Papers presented by Charlotte Robertson since 2019

2024 Providence, Rhode Island

"Free Incorporation and its Discontents: State, Society, and the Corporation in France, 1852-1886"

Charlotte Robertson, Harvard Business School

Abstract:

Until 1867, sociétés anonymes (SAs), i.e. limited-liability joint-stock corporations, required to government authorization in France. This centralized authorization procedure considered public interest and the composition of the securities markets when evaluating prospective corporations. Laws passed in 1863 and 1867 removed this legal hurdle and the aura of privilege surrounding SAs, which became increasingly incompatible with the economic acceleration and gradual liberalization promoted by Napoleon III (1852-1870). After 1867, the number of SAs (including joint-stock banks) skyrocketed, fueling market instability that ultimately erupted in a major financial crisis in 1882—considered the first financial “crash” in France. Bank failures spurred renewed debate about the virtues and vices of free incorporation, understood as a form of capital market deregulation. The “triumph of free incorporation” was highly contested. Both before the passage of the law and after the financial crisis, the French government solicited opinions from legislators, local governments, and chambers of commerce, while public debates animated the print media. Positions on free incorporation were divided across social classes, political alliances, regional interests, and industry sectors. Certain regions championed the preservation of state discretion over incorporation as a public safeguard, rejecting the state’s renunciation of this responsibility as inviting moral hazard or financial instability. Others advocated for the complete removal of state discretion over incorporation, construed as an exercise of arbitrary power. This paper examines how these positions evolved over the course of the 1860-80s and considers factors influencing their distribution. One striking feature of the geography of discontent is that regions that were opposed to free incorporation in the 1850-60s witnessed surging popular antisemitism in the late nineteenth century. The French experience offers historical perspective on the relationship between market regulation and economic populism.

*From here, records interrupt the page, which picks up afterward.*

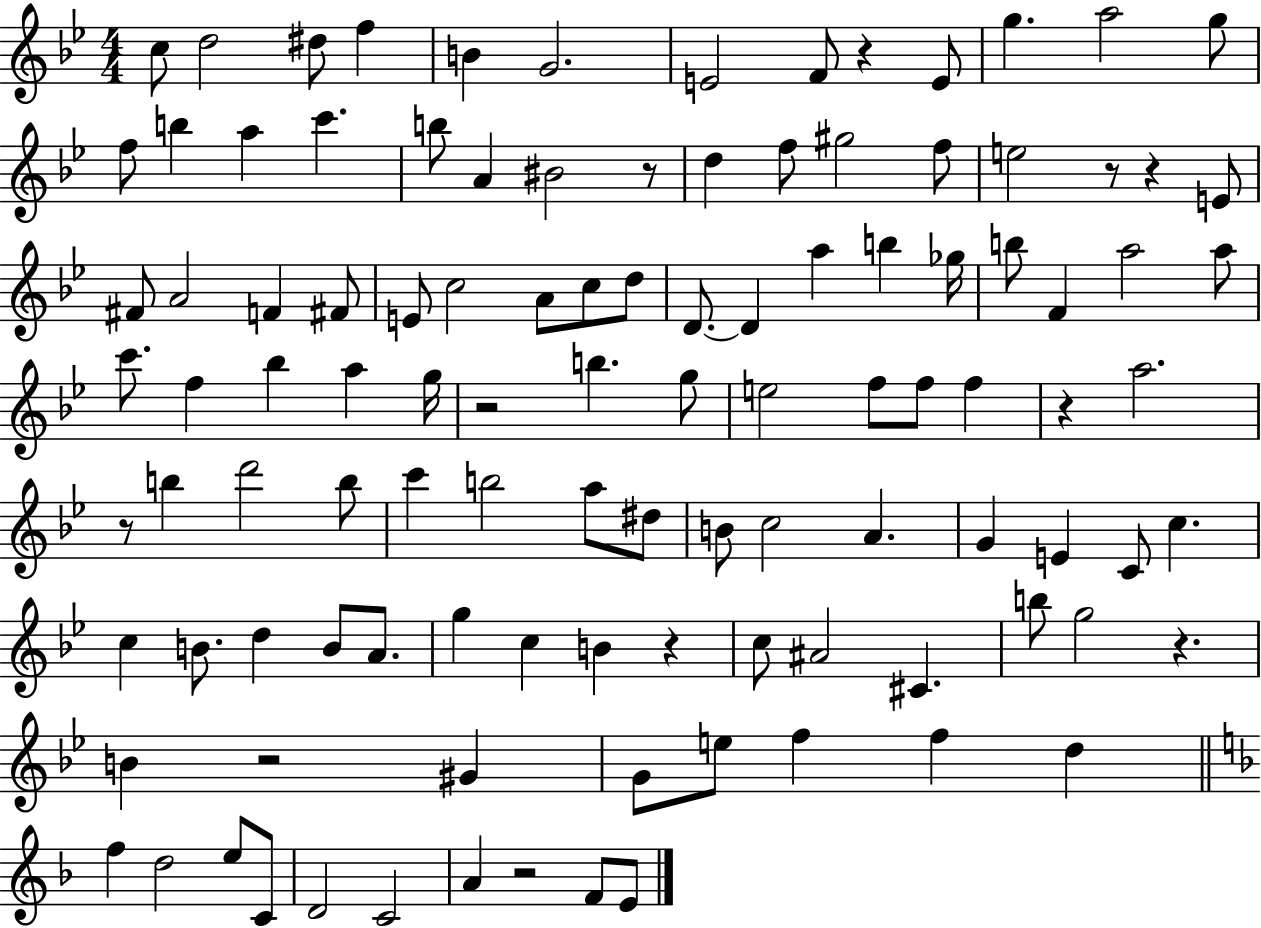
{
  \clef treble
  \numericTimeSignature
  \time 4/4
  \key bes \major
  c''8 d''2 dis''8 f''4 | b'4 g'2. | e'2 f'8 r4 e'8 | g''4. a''2 g''8 | \break f''8 b''4 a''4 c'''4. | b''8 a'4 bis'2 r8 | d''4 f''8 gis''2 f''8 | e''2 r8 r4 e'8 | \break fis'8 a'2 f'4 fis'8 | e'8 c''2 a'8 c''8 d''8 | d'8.~~ d'4 a''4 b''4 ges''16 | b''8 f'4 a''2 a''8 | \break c'''8. f''4 bes''4 a''4 g''16 | r2 b''4. g''8 | e''2 f''8 f''8 f''4 | r4 a''2. | \break r8 b''4 d'''2 b''8 | c'''4 b''2 a''8 dis''8 | b'8 c''2 a'4. | g'4 e'4 c'8 c''4. | \break c''4 b'8. d''4 b'8 a'8. | g''4 c''4 b'4 r4 | c''8 ais'2 cis'4. | b''8 g''2 r4. | \break b'4 r2 gis'4 | g'8 e''8 f''4 f''4 d''4 | \bar "||" \break \key f \major f''4 d''2 e''8 c'8 | d'2 c'2 | a'4 r2 f'8 e'8 | \bar "|."
}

2023 Detroit, MI, United States

"From Repression to Regulation: French Police as Securities Market Authorities, 1850-1885"

Charlotte Robertson, Harvard Business School

Abstract:

This paper examines how the French police actively managed the capital and securities markets during the “first financialization” of the second half of the nineteenth century. In so doing, it offers an account of de facto financial market regulation before the institution of dedicated regulatory bodies in the twentieth century. In the 1850-60s, the French Emperor, Napoleon III, focused his efforts on economic development, and enlisted the public securities markets, rather than taxation, to achieve his program. In this context, the securities markets became an object of active surveillance, administration, and intervention. France’s powerful police apparatus was deployed into the financial sphere and Prefects of Police were recruited for their financial literacy, which they applied to the supervision of corporate chartering, the regulation of market practices, the protection of investors, the monitoring of the illegal curb market, and the surveillance of electric telegraph dispatches. The police also served a crucial reconnaissance and knowledge-generating role for the government, “reading” the markets as a continuous plebiscite on the regime and shaping its financial policy accordingly. However, as the French state’s interventions in the financial markets backfired, it ultimately gravitated away from this discretionary approach toward the embrace of free incorporation in 1867, which set into motion the adoption of similar legislation across the Continent. Through this act, the French state extricated itself from the active role it had formerly assumed in guiding capital formation, by removing the long-standing requirement of government authorization to establish a limited liability corporation. While this rules-based order was a boon to entrepreneurs, the subsequent proliferation of corporations ignited new problems for police oversight and market stability, seeing that many of these newly formed corporations were banks. Like interventionism, standardization also produced unintended market instability.